## 12.4 Recurrent Neural Network

Traditional neural networks don’t have a framework that can handle sequential events where the later events are based on the previous ones. For example, map an input audio clip to a text transcript where the input is voice over time, and the output is the corresponding sequence of words over time. Recurrent Neural Network is a deep-learning model that can process this type of sequential data.

The recurrent neural network allows information to flow from one step to the next with a repetitive structure. Figure 12.18 shows the basic chunk of an RNN network. You combine the activated neuro from the previous step with the current input \(x^{<t>}\) to produce an output \(\hat{y}^{<t>}\) and an updated activated neuro to support the next input at \(t+1\).

So the whole process repeats a similar pattern. If we unroll the loop:

The chain-like recurrent nature makes it the natural architecture for sequential data. There is incredible success applying RNNs to this type of problems:

- Machine translation
- Voice recognition
- Music generation
- Sentiment analysis

A trained CNN accepts a fixed-sized vector as input (such as \(28 \times 28\) image) and produces a fixed-sized vector as output (such as the probabilities of being one the ten digits). RNN has a much more flexible structure. It can operate over sequences of vectors and produces sequences of outputs and they can vary in size. To understand what it means, let’s look at some RNN structure examples.

The rectangle represents a vector and the arrow represents matrix multiplications. The input vector is in green and the output vector is in blue. The red rectangle holds the intermediate state. From left to right,

- one-to-one: model takes a fixed size input and produces a fixed size output, such as CNN. it is not sequential.
- one-to-many: model takes one input and generate a sequence of output, such as the music generation.
- many-to-one: model takes a sequence of input and produces a single output, such as sentiment analysis.
- many-to-many: model takes a sequence of input and produces a sequence of output. The input size can be the same with the output size (such as name entity recognition) or it can be different (such as machine translation).

### 12.4.1 RNN Model

To further understand the RNN model, let’s look at an entity recognition example. Assume you want to build a sequence model to recognize the company or computer language names in a sentence like this: “Use Netlify and Hugo”. It is a name recognition problem which is used by the research company to index different company names in the articles. It is also used in material science to tag chemicals mentioned in the most recent journals to find any indication of the next research topic.

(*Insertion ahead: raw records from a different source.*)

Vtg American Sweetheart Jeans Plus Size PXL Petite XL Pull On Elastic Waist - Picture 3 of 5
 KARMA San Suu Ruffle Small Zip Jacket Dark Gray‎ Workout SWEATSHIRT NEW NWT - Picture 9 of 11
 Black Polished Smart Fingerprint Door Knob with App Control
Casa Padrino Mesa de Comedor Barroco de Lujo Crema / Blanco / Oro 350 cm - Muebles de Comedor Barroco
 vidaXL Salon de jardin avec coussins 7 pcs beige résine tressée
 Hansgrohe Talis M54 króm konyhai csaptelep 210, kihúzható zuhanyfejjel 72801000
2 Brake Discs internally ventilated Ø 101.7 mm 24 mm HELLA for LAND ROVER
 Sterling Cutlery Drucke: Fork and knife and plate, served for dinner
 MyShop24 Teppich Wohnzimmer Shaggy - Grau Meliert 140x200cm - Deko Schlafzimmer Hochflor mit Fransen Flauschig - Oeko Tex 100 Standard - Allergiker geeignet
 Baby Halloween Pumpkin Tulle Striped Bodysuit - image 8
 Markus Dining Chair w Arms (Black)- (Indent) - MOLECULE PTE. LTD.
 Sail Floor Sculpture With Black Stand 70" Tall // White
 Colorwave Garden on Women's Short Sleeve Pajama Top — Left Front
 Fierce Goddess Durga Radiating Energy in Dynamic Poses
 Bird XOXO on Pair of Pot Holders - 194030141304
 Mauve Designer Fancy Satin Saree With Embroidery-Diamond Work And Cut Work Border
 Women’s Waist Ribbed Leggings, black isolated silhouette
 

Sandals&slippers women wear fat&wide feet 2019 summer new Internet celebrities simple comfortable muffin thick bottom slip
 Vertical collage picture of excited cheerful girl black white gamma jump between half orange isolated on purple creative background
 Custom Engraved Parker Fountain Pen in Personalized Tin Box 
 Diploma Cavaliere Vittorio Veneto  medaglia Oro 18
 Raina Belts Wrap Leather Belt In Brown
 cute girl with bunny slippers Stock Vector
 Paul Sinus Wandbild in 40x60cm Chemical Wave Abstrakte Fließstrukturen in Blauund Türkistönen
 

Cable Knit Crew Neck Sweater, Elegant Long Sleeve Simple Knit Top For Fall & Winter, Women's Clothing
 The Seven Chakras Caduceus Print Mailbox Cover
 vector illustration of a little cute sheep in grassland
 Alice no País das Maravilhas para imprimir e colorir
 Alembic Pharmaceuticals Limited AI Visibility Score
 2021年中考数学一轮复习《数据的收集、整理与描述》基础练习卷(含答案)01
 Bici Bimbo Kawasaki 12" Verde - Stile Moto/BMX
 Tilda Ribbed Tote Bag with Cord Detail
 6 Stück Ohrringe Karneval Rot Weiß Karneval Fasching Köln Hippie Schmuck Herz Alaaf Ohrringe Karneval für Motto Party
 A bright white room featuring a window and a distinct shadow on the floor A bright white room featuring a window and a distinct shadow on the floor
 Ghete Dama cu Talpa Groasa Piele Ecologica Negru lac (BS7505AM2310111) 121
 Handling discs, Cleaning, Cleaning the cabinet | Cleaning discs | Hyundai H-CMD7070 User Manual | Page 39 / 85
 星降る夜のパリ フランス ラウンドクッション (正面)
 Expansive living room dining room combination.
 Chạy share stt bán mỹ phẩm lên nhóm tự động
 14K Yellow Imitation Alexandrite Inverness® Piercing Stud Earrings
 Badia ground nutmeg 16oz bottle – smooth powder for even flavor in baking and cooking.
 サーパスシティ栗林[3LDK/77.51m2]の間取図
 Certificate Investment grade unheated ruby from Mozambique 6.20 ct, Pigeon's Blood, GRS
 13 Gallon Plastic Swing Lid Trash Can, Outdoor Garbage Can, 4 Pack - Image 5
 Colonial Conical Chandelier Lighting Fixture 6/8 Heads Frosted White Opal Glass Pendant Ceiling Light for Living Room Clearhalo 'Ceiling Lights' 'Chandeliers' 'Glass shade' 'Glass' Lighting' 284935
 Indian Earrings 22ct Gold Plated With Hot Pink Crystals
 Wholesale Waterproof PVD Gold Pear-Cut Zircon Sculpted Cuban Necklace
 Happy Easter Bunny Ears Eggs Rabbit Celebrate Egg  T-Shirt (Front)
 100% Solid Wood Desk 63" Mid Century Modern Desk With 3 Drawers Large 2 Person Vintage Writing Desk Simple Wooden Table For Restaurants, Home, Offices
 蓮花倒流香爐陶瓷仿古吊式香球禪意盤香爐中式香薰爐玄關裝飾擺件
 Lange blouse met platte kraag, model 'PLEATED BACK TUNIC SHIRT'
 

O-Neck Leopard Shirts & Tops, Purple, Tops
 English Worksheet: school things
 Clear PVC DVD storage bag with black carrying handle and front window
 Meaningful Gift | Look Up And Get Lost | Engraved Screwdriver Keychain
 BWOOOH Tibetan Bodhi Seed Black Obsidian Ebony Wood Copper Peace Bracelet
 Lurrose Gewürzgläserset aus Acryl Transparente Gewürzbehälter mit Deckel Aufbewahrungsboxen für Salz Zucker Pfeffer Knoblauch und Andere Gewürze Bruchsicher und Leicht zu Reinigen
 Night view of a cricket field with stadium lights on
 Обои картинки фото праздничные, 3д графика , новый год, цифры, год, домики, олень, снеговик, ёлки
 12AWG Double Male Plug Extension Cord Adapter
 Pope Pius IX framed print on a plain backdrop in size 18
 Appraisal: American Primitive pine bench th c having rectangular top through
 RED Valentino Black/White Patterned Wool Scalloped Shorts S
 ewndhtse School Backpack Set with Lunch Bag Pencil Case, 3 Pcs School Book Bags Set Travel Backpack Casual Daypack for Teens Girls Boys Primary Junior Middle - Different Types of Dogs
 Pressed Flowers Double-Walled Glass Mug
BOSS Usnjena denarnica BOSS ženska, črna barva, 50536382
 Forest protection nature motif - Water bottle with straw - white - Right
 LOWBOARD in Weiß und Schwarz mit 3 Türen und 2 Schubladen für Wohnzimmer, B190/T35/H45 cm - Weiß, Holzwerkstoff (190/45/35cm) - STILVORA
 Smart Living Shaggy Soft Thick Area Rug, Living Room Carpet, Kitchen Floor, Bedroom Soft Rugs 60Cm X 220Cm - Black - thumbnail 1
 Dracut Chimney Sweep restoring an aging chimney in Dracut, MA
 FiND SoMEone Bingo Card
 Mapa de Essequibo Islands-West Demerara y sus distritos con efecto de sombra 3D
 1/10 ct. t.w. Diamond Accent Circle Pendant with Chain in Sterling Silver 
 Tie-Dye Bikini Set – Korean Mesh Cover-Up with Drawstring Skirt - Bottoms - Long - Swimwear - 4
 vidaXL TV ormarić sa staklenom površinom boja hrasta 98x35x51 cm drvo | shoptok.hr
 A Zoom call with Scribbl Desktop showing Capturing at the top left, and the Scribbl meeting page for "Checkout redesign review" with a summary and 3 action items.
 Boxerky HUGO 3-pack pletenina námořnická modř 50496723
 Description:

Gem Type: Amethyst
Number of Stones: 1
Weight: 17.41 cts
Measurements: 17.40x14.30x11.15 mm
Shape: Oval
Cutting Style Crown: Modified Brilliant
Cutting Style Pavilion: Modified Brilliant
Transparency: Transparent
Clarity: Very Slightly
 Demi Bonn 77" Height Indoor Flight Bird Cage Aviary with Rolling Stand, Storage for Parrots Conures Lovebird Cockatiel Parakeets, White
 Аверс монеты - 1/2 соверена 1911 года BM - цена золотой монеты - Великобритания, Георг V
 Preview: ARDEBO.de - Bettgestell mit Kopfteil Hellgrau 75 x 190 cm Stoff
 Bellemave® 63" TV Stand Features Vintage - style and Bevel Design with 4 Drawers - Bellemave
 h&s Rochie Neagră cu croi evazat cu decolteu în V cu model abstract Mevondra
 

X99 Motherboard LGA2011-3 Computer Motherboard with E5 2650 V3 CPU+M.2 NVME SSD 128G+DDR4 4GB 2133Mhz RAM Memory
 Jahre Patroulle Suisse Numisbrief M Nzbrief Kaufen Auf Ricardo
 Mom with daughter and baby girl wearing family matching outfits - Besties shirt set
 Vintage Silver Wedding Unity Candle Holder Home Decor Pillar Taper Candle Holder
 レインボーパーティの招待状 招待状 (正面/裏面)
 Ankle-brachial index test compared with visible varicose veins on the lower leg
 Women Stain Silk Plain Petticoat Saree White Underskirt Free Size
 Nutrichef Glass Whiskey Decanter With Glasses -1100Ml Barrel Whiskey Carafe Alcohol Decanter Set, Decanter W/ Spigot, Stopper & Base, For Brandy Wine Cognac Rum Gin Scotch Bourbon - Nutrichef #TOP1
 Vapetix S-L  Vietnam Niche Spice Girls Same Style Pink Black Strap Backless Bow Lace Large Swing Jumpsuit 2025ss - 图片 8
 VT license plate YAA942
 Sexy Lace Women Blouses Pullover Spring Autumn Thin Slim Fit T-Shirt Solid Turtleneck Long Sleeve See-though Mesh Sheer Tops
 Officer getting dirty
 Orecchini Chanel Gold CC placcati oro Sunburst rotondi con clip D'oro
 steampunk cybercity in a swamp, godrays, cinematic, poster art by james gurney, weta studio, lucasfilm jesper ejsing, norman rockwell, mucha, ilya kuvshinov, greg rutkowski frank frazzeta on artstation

Given input sentence x, you want a model to produce one output for each word in x that tells you if that word is the name for something. So in this example, the input is a sequence of 5 words including the period in the end. The output is a sequence of 0/1 with the same length that indicates whether the input word is a name (1) or not (0). We use superscript \(<t>\) to denote the element position of input and output; use superscript \((i)\) to denote the \(i^{th}\) sample (you will have different sentences in the training data); Use \(T_x^{(i)}\) to denote the length of \(i^{th}\) input, \(T_y^{(i)}\) for output. In this case, \(T_x^{(i)}\) is equal to \(T_y^{(i)}\).

### 12.4.2 Word Embedding

### 12.4.3 Long Short Term Memory

We are going to walk through LSTM step by step. The first step of LSTM is to decide what information to **forget**. This decision is made by “forget gate”, a sigmoid function (\(\Gamma_{f}\)). It looks at \(a^{<t-1>}\) and \(x^{t}\) and outputs a number between 0 and 1 for each number in the cell state \(c^{t-1}\). A value 1 means “completely remember the state”, while 0 means “completely forget the state”.

The next step is to decide what new information we’re going to add to the cell state. This step includes two parts:

- input gate (\(\Gamma_{u}\)): a sigmoid function that decides how much we want to update
- a vector of new candidate value (\(\tilde{c}^{<t>}\))

The multiplication of the above two parts \(\Gamma_{u}*\tilde{c}^{<t>}\) is the new candidate scaled by the input gate. We then combine the results we get so far to get new cell state \(c^{<t>}\).

Finally, we need to decide what we are going to output. The output is a filtered version of the new cell state \(c^{<t>}\).